## [Supplied data]
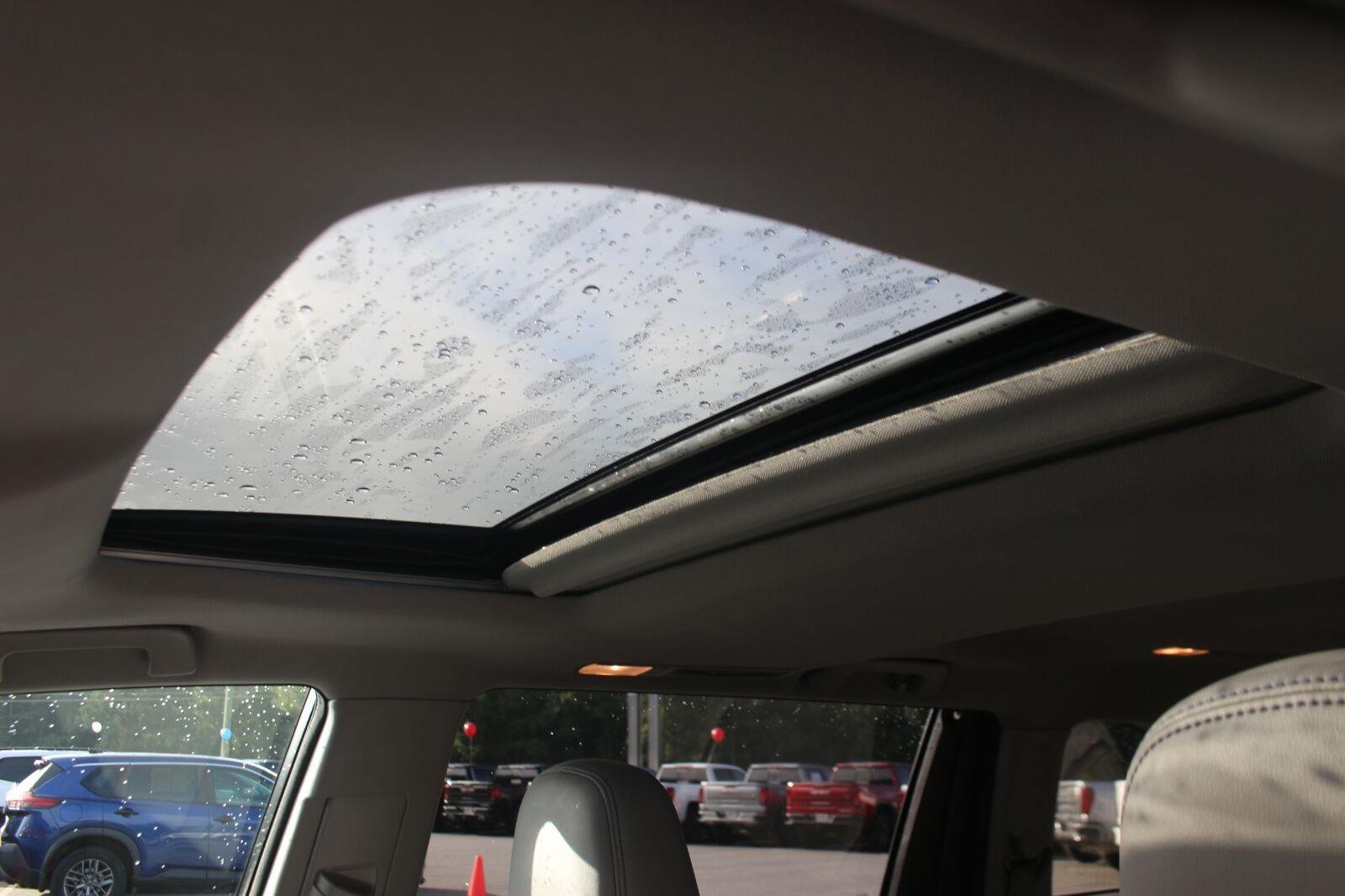 Used 2015 Toyota Highlander XLE FWD image 30
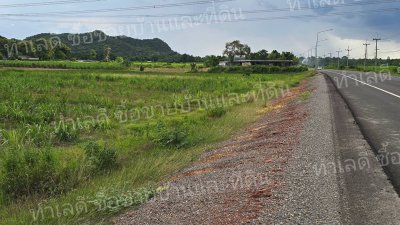 ที่ดินติดถนนทางหลวงชนบท หน้ากว้าง250 ม. ติดถนน 3 ด้าน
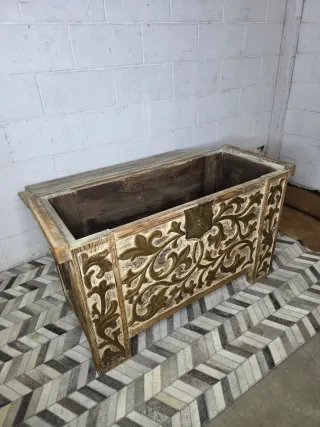 Baúl vintage pino macizo diseño español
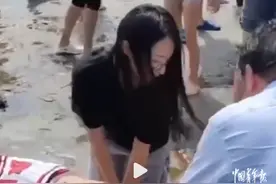 【你跪地救人的样子真美！#休假护士救回无呼吸心跳溺水男孩#】图片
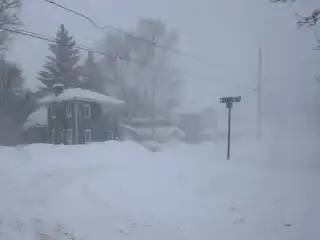 އެމެރިކާ އަށް ކުރިމަތިވި ވަރުގަދަ ފިނީ ގެ ތޫފާނަކާ ގުޅިގެން 8,000 އަށްވުރެ ގިނަ ފްލައިޓް ކެންސަލްކޮށްފި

## [The problem]
Set the records down again precisely, skipping every image.

## [Exercise output]
 Used 2015 Toyota Highlander XLE FWD image 30
 ที่ดินติดถนนทางหลวงชนบท หน้ากว้าง250 ม. ติดถนน 3 ด้าน
 Baúl vintage pino macizo diseño español
 【你跪地救人的样子真美！#休假护士救回无呼吸心跳溺水男孩#】图片
 އެމެރިކާ އަށް ކުރިމަތިވި ވަރުގަދަ ފިނީ ގެ ތޫފާނަކާ ގުޅިގެން 8,000 އަށްވުރެ ގިނަ ފްލައިޓް ކެންސަލްކޮށްފި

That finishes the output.